Elbette o günün dünyasıyla bugünün dünyası hem finansallaşma hem dış politika ve başka açılardan çok farklı. İstenirse krizler fazla yayılmadan kontrol edilebiliyor. Elbette 2008 gibi çok derin ve kapsamlı olursa iş değişiyor. Merkez bankalarının eskiden düşünülemeyecek boyutta genişlemesi uzun durgunluk boyunca devam etti. 2008 sonrası hızla artan büyüklükler –henüz bilançolar yeni küçülmeye başlamış iken- pandemide ikiye katlayarak devasa hale geldi. İlk işaretleri 1970’lerin ortasında saptanmış olan finansal kesimin aşırı genişlemesi, “şişmesi” işi öyle bir hale getirdi ki artık bir ayda ekstra 100 milyar dolar talep edilse ve rezerv satılsa yine de durumun zamanla düzelmeyeceği iddia edilemez. Mesela 1994 dünyasında swap hariç-swap dahil gibi bir ifade düşünülemezdi.

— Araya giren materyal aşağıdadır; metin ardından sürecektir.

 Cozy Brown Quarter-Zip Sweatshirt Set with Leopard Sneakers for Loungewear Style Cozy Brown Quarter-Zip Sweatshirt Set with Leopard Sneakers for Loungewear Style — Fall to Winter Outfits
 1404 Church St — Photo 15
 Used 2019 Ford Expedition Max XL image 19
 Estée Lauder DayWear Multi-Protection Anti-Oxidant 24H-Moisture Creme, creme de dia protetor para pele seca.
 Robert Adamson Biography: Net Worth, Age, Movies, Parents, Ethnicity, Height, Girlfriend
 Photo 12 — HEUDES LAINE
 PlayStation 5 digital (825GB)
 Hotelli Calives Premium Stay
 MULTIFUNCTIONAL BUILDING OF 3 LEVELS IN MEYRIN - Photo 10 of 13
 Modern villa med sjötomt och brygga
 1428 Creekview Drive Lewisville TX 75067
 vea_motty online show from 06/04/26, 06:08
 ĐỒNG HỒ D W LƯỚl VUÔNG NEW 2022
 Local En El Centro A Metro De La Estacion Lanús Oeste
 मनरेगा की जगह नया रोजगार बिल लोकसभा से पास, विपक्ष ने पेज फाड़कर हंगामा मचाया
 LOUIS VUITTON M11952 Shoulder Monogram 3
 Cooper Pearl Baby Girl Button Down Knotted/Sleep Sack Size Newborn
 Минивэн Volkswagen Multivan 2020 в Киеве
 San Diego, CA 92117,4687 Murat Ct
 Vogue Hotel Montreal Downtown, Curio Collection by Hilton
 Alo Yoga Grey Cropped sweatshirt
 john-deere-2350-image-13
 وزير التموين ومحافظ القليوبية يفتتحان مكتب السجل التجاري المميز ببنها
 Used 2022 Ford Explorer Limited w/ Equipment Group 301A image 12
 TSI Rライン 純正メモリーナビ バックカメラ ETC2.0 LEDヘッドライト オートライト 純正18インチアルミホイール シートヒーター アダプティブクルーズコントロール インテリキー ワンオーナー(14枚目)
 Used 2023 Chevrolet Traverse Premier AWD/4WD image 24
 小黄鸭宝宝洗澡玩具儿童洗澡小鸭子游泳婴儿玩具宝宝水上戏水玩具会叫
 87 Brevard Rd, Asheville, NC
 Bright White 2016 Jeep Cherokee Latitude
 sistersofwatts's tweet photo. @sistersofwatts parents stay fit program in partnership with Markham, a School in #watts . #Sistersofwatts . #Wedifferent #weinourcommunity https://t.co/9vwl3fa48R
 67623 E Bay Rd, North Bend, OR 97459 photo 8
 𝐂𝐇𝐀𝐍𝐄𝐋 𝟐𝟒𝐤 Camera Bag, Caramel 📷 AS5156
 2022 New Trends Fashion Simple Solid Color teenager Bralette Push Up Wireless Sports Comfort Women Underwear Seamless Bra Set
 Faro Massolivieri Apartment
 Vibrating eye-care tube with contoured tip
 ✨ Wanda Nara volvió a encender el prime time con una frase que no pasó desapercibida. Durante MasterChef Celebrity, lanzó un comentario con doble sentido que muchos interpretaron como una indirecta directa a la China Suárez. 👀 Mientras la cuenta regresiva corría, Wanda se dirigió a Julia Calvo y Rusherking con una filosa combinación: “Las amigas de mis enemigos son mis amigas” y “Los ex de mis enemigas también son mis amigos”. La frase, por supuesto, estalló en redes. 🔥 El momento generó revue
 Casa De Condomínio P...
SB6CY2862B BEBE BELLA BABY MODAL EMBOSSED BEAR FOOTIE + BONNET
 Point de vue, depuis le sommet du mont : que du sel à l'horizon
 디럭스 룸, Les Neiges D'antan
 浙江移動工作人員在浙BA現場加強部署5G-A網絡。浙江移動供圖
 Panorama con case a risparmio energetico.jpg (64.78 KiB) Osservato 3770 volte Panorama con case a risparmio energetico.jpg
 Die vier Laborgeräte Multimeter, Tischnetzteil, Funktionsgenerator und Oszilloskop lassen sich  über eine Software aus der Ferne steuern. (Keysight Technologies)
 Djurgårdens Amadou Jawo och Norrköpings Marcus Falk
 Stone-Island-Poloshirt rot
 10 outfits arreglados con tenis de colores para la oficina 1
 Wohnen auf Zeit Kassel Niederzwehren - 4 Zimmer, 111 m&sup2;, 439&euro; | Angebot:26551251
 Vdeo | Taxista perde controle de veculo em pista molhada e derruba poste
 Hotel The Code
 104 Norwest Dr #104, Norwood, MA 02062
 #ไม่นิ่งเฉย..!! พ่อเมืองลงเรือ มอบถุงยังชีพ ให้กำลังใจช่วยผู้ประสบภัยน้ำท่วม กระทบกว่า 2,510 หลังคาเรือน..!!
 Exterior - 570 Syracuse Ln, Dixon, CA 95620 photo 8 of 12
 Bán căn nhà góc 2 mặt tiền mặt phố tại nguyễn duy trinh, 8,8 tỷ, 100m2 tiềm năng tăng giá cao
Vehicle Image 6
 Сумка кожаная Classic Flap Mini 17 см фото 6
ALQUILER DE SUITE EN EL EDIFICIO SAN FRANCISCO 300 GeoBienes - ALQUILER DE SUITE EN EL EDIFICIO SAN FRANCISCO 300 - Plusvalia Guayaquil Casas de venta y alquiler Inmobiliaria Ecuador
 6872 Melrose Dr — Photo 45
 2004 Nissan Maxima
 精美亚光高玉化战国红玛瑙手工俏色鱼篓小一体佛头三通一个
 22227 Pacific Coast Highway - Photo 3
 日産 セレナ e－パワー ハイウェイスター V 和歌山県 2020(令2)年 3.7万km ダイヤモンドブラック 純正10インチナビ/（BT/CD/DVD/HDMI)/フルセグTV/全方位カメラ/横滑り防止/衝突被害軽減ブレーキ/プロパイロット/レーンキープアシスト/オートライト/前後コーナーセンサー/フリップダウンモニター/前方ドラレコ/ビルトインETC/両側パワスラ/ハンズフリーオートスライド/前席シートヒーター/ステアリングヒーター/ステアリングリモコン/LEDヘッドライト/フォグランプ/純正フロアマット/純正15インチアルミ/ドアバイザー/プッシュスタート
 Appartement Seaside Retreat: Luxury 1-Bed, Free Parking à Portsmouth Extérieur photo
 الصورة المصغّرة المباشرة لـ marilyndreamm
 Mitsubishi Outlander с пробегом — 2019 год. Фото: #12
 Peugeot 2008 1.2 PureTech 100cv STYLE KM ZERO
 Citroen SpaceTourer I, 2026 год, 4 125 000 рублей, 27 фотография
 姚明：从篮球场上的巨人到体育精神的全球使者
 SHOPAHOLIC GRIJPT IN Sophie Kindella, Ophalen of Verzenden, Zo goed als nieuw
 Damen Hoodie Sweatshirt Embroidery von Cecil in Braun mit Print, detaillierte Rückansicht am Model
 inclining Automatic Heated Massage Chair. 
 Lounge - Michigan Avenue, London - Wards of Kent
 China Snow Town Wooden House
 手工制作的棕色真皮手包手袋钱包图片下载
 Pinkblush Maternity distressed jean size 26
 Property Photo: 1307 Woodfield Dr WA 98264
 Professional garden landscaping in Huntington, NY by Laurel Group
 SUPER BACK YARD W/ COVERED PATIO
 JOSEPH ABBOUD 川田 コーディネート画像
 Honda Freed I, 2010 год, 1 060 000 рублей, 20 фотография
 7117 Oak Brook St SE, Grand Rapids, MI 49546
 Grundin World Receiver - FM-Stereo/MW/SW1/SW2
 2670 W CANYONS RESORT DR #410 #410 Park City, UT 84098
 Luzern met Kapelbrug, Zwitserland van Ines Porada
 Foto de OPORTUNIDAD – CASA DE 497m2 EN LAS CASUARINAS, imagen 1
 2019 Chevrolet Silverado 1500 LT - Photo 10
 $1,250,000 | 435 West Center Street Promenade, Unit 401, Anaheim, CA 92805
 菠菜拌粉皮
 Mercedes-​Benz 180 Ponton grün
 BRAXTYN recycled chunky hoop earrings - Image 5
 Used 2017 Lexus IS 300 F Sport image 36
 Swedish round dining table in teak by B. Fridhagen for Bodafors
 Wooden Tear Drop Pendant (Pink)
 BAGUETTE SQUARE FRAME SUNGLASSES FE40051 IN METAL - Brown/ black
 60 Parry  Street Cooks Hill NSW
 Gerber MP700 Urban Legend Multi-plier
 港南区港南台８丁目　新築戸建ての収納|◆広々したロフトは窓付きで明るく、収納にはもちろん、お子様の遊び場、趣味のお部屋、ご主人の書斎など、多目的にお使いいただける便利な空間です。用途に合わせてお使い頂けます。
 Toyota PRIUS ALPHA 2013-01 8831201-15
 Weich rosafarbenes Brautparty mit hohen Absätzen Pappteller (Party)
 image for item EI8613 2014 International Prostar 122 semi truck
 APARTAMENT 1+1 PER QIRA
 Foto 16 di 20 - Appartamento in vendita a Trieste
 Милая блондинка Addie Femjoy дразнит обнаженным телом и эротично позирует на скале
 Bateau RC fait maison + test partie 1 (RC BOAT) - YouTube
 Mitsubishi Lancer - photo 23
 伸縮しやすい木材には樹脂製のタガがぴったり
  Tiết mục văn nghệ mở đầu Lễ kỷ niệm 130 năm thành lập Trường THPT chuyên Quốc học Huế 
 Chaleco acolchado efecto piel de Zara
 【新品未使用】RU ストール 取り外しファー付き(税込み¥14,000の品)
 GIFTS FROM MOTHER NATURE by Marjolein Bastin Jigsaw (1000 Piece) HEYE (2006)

Peki biraz daha temel bir konuya bakalım. 2008 sonrası dünyada borçlanma maliyeti had safhada düştü. ABD faizlerini gösteren grafik, bilindiği gibi, yaklaşık 10 yıl sıfıra yakın faize –pek çok gelişmiş ekonomide negatif reel faiz- işaret ediyor. Sonra, normalleşme başlarken bir kez daha pandemide sert düşüş ve şimdiki yükseliş de görsel olarak kolayca görülebilir. 2000-2025 arasını alıp 1975-2000 arasıyla karşılaştırsak borçlanma maliyetinin ortalama olarak çok daha düşük olduğunu ancak buna rağmen yatırımlardaki artışın tarihi ortalamanın altında seyrettiğini saptayabiliyoruz. Bu elbette ABD verisi ama ABD de lider ekonomi. Buradan önümüzdeki haftalarda çok daha ilginç konulara geçeceğiz. Mesela kar oranı ne halde, yatırım kararları nasıl veriliyor, imalat sanayiinin ağırlığı sert biçimde düşerken verimlilik nasıl artacak, hizmet sektörünün ağırlığı yüzde 78’e ulaşmış olan ABD ekonomisi Çin’le nasıl rekabet edecek gibi sorular var. Ama şu da var: Artık ani duruşlar (sudden stop), Soros gibi isimlerin öne çıktığı spekülatif ataklar, çökertici finansal krizler gelişmekte olan ülkelerde dahi olmuyor ve bu durumun gelişmiş ekonomilerdeki parasal genişlemeyle de finans sektörünün aşırı büyümesiyle de ilgisi var. Bütün bunlar geçmişe göre düşük borçlanma maliyetiyle, buna rağmen pek de cazip olmayan kar oranlarıyla ve reel sektör yatırımlarında yavaşlamayla beraber gidiyor. Son yıllarda ABD’deki kapitalizm –en azından oradaki ama orası zaten merkez değil mi? - alıştığımız kapitalizme pek benzemiyor. Eski krizler yok ama eskiden büyük canlanma yaratacak politikaların bu etkiye artık sahip olmadığını da görüyoruz.